You can write to the stream, advancing the position, using these instance methods:

  • #putc: writes a given character.
  • #write: writes the given objects as strings.
  • Kernel#puts writes given objects as strings, each followed by newline.

You can "unshift" to the stream using these instance methods; each writes before the current position, and decrements the position so that the written data is next to be read.

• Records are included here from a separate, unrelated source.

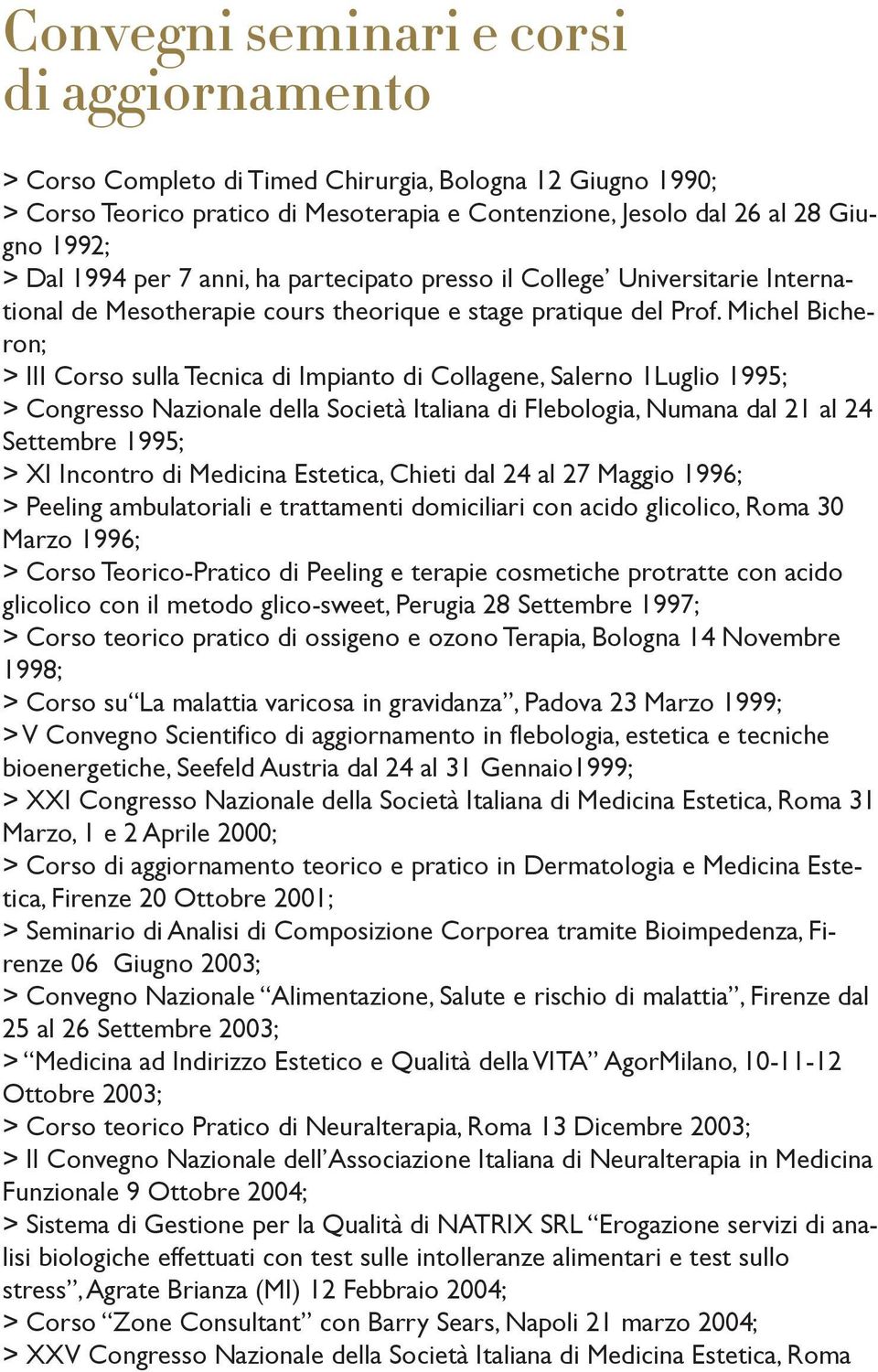Michel Bicheron; > III Corso sulla Tecnica di Impianto di Collagene, Salerno 1Luglio 1995; > Congresso Nazionale della Società Italiana di Flebologia, Numana dal 21 al 24 Settembre 1995; > XI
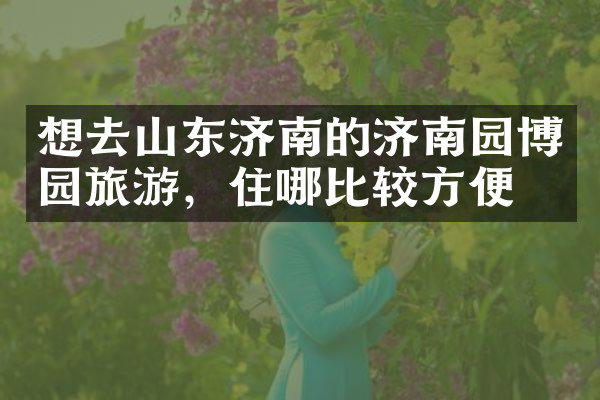 想去山东济南的济南园博园旅游，住哪比较方便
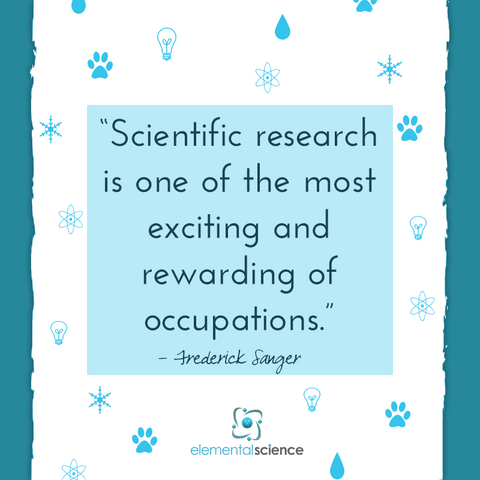 Scientific research is one of the most exciting and rewarding of occupations. ~ Frederick Sanger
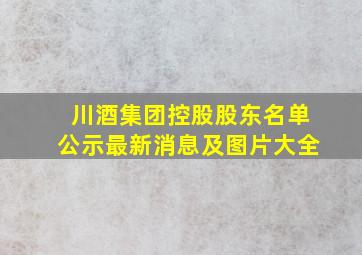 川酒集团控股股东名单公示最新消息及图片大全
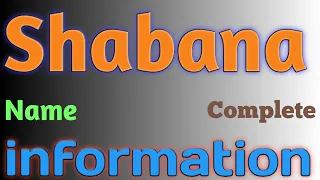 Shabana Name Meaning | Shabana Name Full Details | Shabana Naam Ki Rashi | The Secret of Name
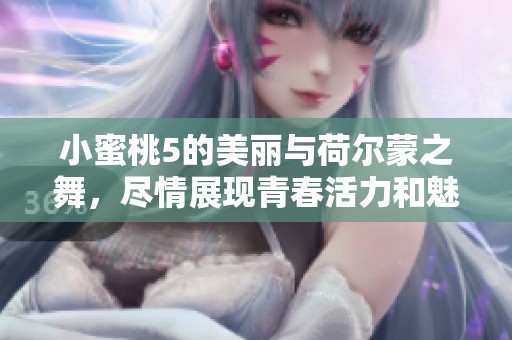 小蜜桃5的美丽与荷尔蒙之舞，尽情展现青春活力和魅力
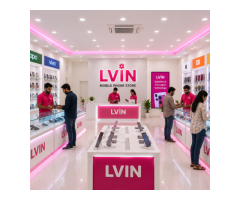 Want a Better Smartphone Explore LVIN Mobile Store in Shikohabad Today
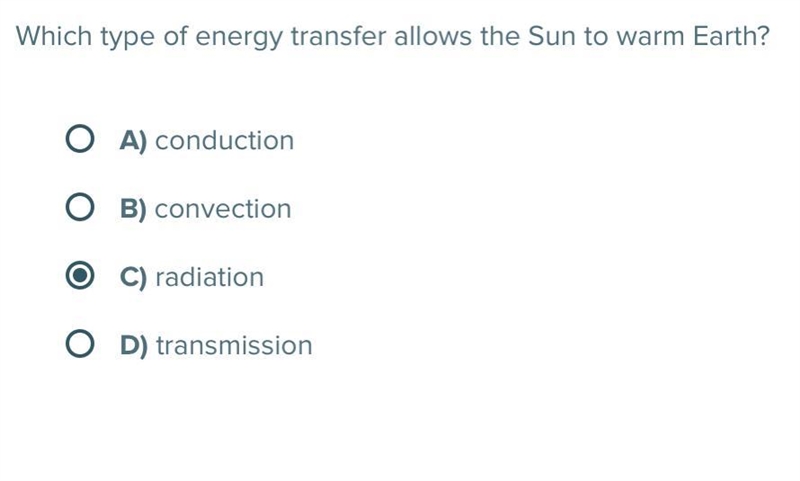 Which type of energy transfer allows the Sun to warm Earth?-example-1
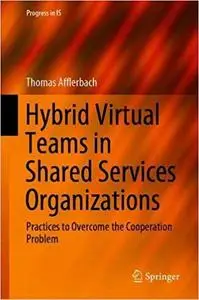 Hybrid Virtual Teams in Shared Services Organizations: Practices to Overcome the Cooperation Problem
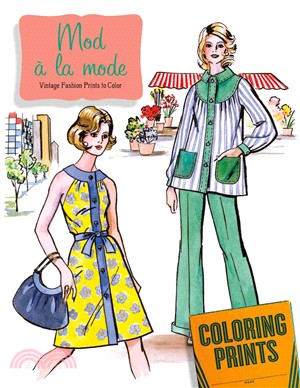 Mod ?La Mode Coloring Book ― An Adult Coloring Book Featuring Fashions of the 60s and 70s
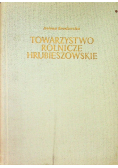 Towarzystwo rolnicze hrubieszowskie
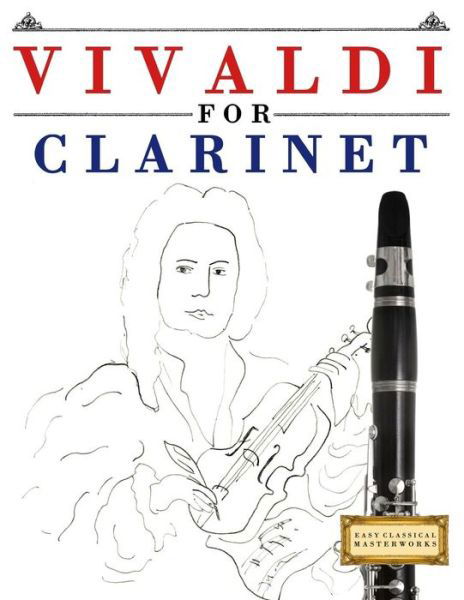 Cover for Easy Classical Masterworks · Vivaldi for Clarinet (Pocketbok) (2018)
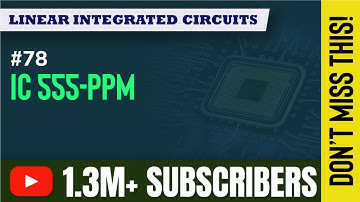 IC 555 as Pulse Position Modulator | Special Purpose Integrated Circuits in EXTC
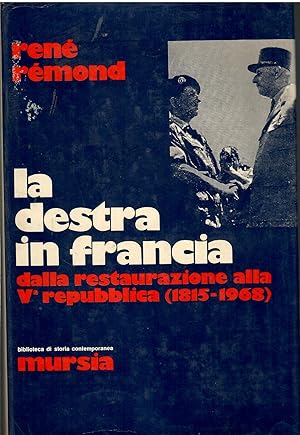 La destra in Francia. Dalla restaurazione alla V^ repubblica (1815 - 1968)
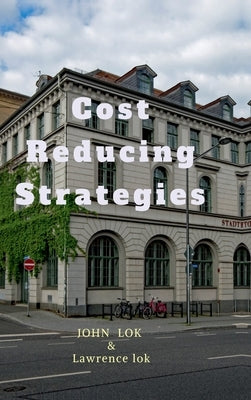 Cost Reducing Strategies by John Lok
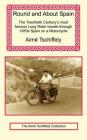 Round and about Spain: The Twentieth Century's Most Famous Long Rider Travels Through 1950s Spain on a Motorcycle By Aime Tschiffely Cover Image
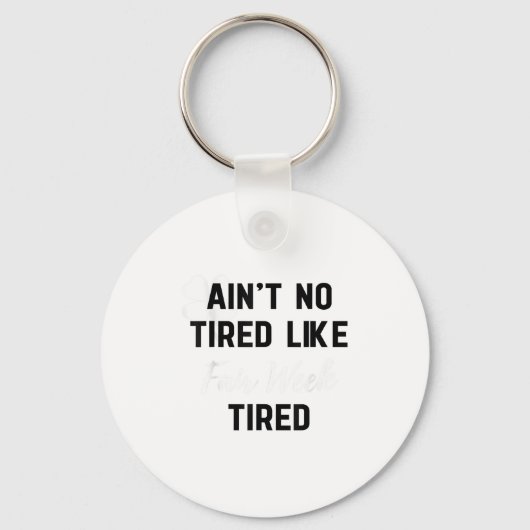 Ain't No Tired Like Fair Week Tired Funny Quote Sh Sleutelhanger (Voorkant)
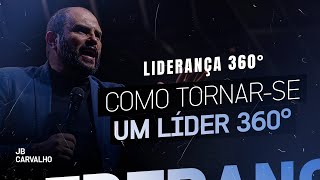 Liderança 360° - Como Tornar-se um Líder 360° | JB Carvalho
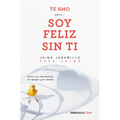 Te Amo...Pero Soy Feliz Sin Ti. Como Vivir Libremente Sin Apegos Y Sin Miedos / I Love You...But I'm Happy Without You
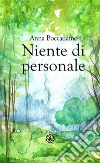 Niente di personale. E-book. Formato EPUB ebook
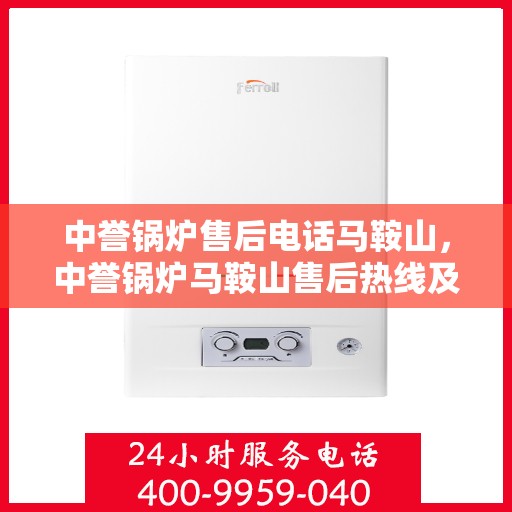 中誉锅炉售后电话马鞍山，中誉锅炉马鞍山售后热线及服务一览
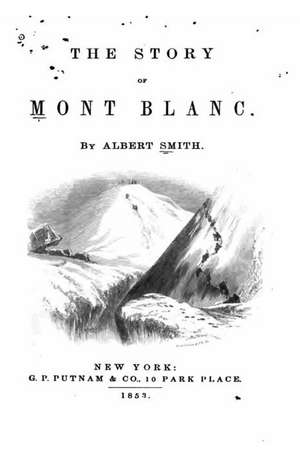 The Story of Mont Blanc de Albert Smith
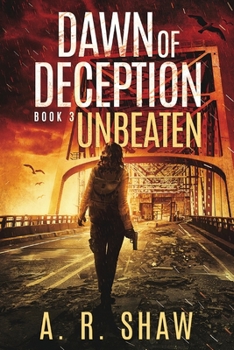 Paperback Unbeaten: A Post-Apocalyptic Thriller Book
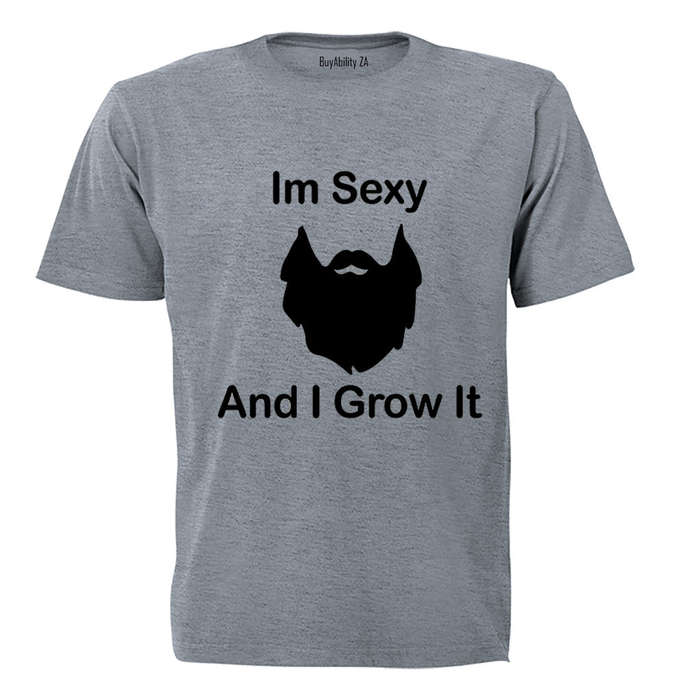 I'm Sexy and I Grow It! - Adults - T-Shirt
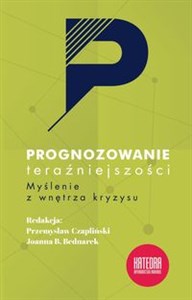 Obrazek Prognozowanie teraźniejszości Myslenie z wnętrza kryzysu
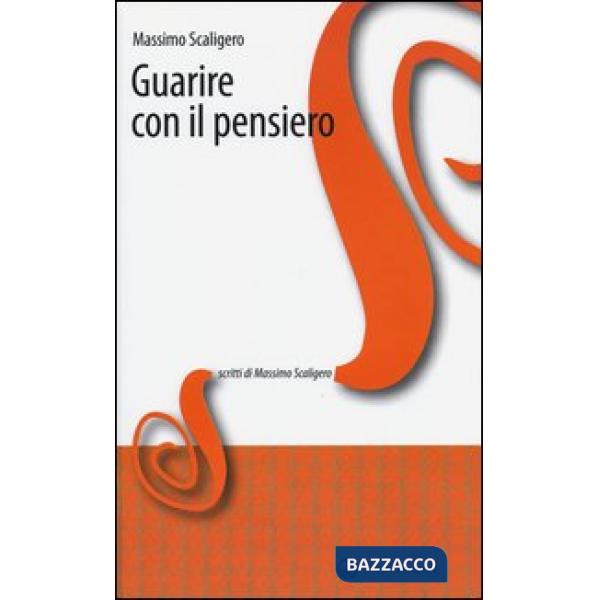 Guarire con il pensiero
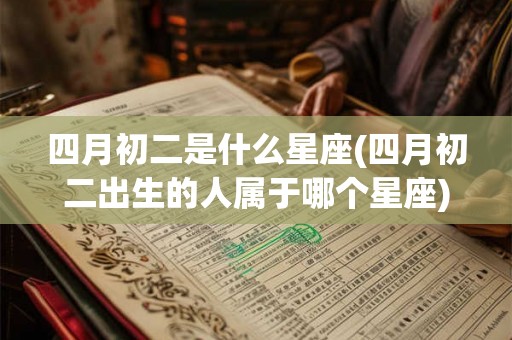 四月初二是什么星座(四月初二出生的人属于哪个星座)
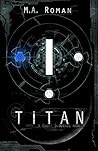 Book cover for TiTAN (Ghost Sequence Book 1)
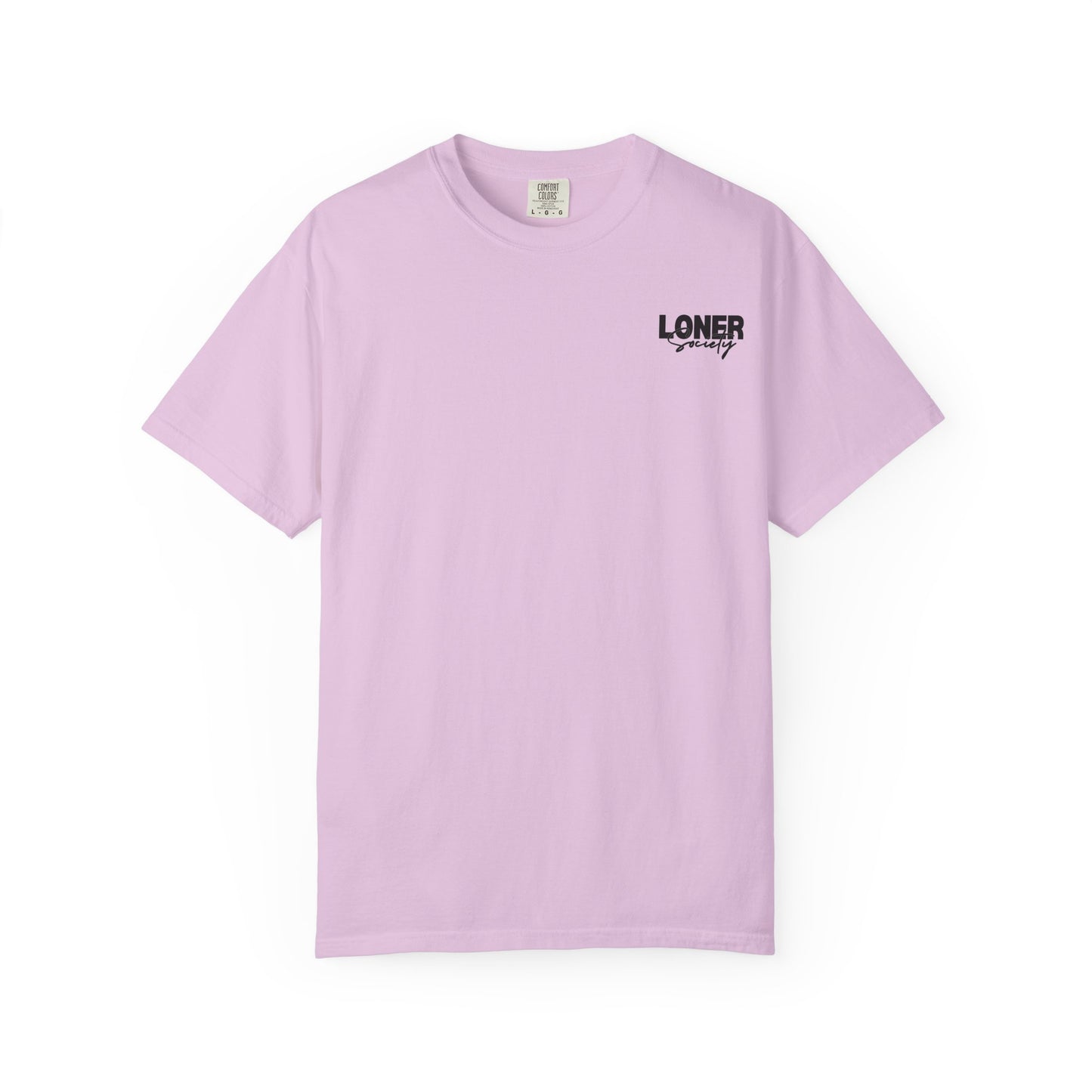Loner Society - Comfort Colors T-shirt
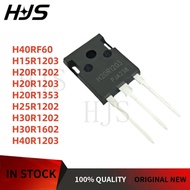 5PCS H25R1202 H15R1203 H20R1203 H40RF60 H40R1203 H20R1353 H30R1602 H30R1202 H20R1202 TO-247 In Stock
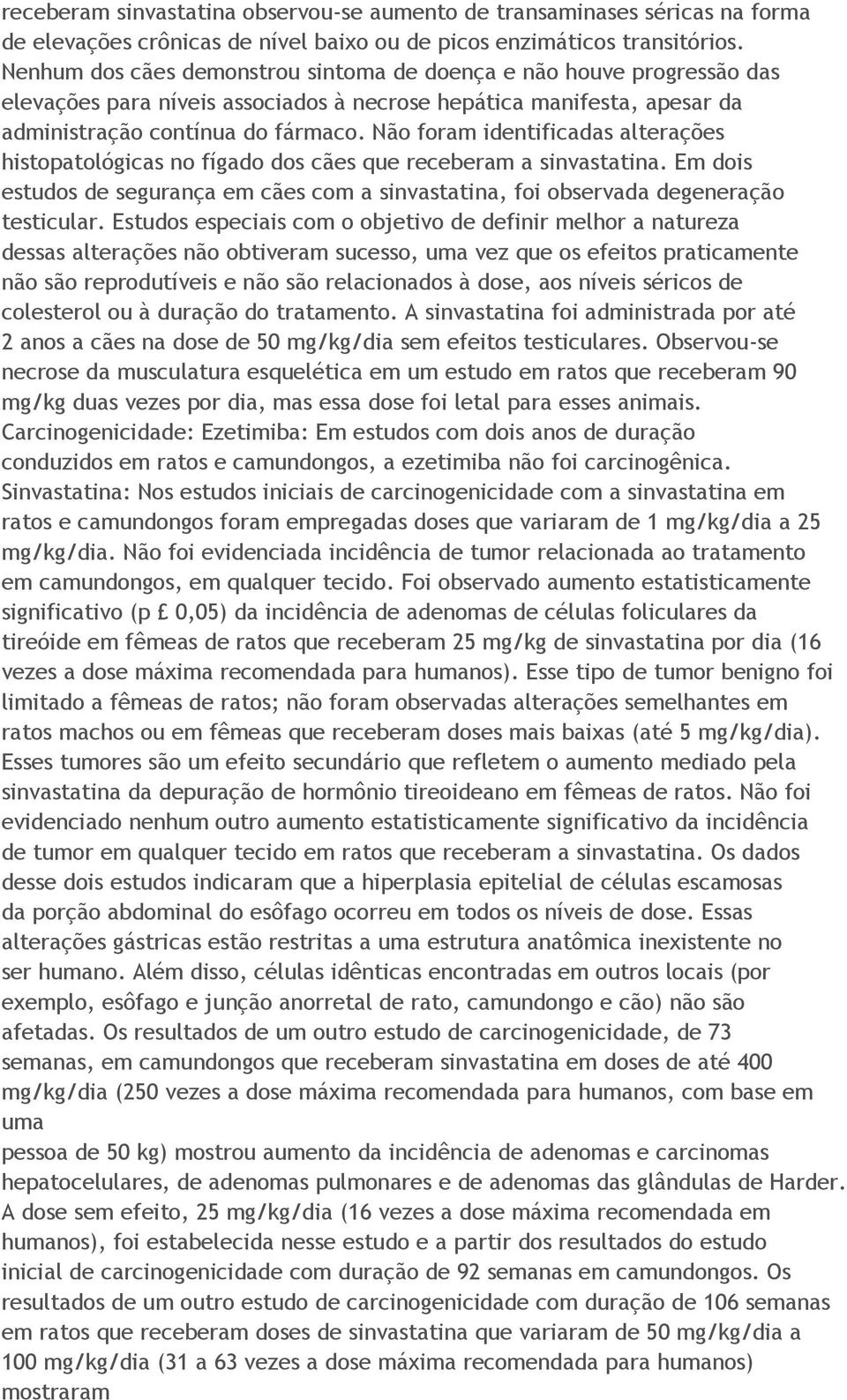 Não foram identificadas alterações histopatológicas no fígado dos cães que receberam a sinvastatina. Em dois estudos de segurança em cães com a sinvastatina, foi observada degeneração testicular.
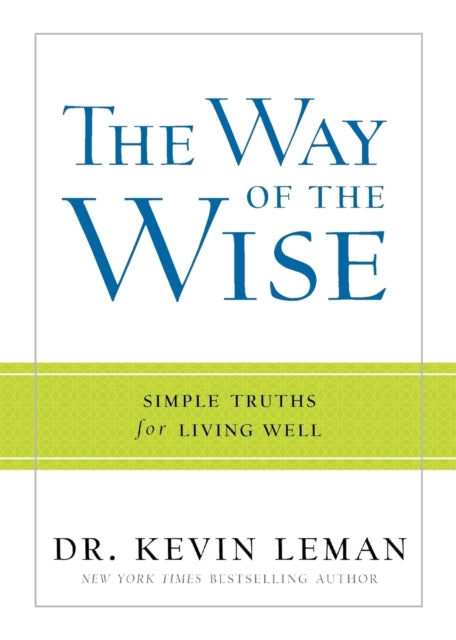 The Way of the Wise – Simple Truths for Living Well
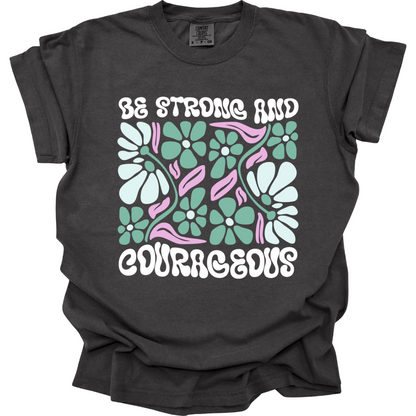 Be Strong And Courageous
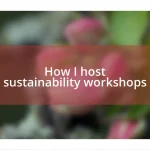 How I host sustainability workshops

  • #ungetbyte: unshifts the given byte.
  • #ungetc: unshifts the given character.

One more writing method:

  • #truncate: truncates the stream's string to the given size.

Line \IO

Reading:

  • #gets: reads and returns the next line.
  • Kernel#readline: like #gets, but raises an exception if at end-of-stream.
  • #readlines: reads the remaining data the stream and returns an array of its lines.
  • #each_line: reads each remaining line, passing it to the block

Writing:

  • Kernel#puts: writes given objects, each followed by newline.

Character \IO

Reading:

  • #each_char: reads each remaining character, passing it to the block.
  • #getc: reads and returns the next character.

Writing:

  • #putc: writes the given character.
  • #ungetc.: unshifts the given character.

Byte \IO

Reading:

  • #each_byte: reads each remaining byte, passing it to the block.
  • #getbyte: reads and returns the next byte.

Writing:

  • #ungetbyte: unshifts the given byte.

Codepoint \IO

Reading:

  • #each_codepoint: reads each remaining codepoint, passing it to the block.